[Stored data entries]
——
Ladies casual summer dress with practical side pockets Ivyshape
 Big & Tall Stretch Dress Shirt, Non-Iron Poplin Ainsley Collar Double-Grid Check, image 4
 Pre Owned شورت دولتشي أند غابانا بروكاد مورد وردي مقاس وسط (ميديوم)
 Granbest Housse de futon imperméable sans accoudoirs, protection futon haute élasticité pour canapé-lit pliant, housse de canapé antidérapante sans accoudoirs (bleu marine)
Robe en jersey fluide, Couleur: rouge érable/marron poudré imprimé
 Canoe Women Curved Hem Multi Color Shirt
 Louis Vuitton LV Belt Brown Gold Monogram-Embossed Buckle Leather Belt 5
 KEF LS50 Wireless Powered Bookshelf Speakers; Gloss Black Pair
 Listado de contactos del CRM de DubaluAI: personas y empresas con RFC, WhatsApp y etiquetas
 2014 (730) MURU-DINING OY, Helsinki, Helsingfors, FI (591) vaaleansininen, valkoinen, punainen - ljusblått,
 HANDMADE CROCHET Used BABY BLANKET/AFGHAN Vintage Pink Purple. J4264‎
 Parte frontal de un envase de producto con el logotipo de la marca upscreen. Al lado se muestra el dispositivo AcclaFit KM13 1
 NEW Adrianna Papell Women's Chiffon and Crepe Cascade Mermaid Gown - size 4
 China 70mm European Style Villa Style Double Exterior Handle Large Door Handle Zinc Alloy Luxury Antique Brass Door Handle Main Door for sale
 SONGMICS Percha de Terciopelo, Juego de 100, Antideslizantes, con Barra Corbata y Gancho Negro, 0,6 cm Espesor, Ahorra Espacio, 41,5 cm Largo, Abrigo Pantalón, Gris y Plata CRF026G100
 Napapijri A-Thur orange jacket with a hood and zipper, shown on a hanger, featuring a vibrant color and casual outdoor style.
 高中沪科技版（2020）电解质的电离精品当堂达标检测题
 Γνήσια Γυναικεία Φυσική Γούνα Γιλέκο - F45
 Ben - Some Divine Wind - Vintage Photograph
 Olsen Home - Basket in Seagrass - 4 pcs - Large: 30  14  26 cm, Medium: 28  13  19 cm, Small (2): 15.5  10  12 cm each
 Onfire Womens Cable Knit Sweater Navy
——
Your goal:
Would you print exactly, and only, the lines of the data above from the line with "HANDMADE CROCHET Used" through the line with "高中沪科技版（2020）电解质的电离精品当堂达标检测题", inclusive?

Result of the task:
 HANDMADE CROCHET Used BABY BLANKET/AFGHAN Vintage Pink Purple. J4264‎
 Parte frontal de un envase de producto con el logotipo de la marca upscreen. Al lado se muestra el dispositivo AcclaFit KM13 1
 NEW Adrianna Papell Women's Chiffon and Crepe Cascade Mermaid Gown - size 4
 China 70mm European Style Villa Style Double Exterior Handle Large Door Handle Zinc Alloy Luxury Antique Brass Door Handle Main Door for sale
 SONGMICS Percha de Terciopelo, Juego de 100, Antideslizantes, con Barra Corbata y Gancho Negro, 0,6 cm Espesor, Ahorra Espacio, 41,5 cm Largo, Abrigo Pantalón, Gris y Plata CRF026G100
 Napapijri A-Thur orange jacket with a hood and zipper, shown on a hanger, featuring a vibrant color and casual outdoor style.
 高中沪科技版（2020）电解质的电离精品当堂达标检测题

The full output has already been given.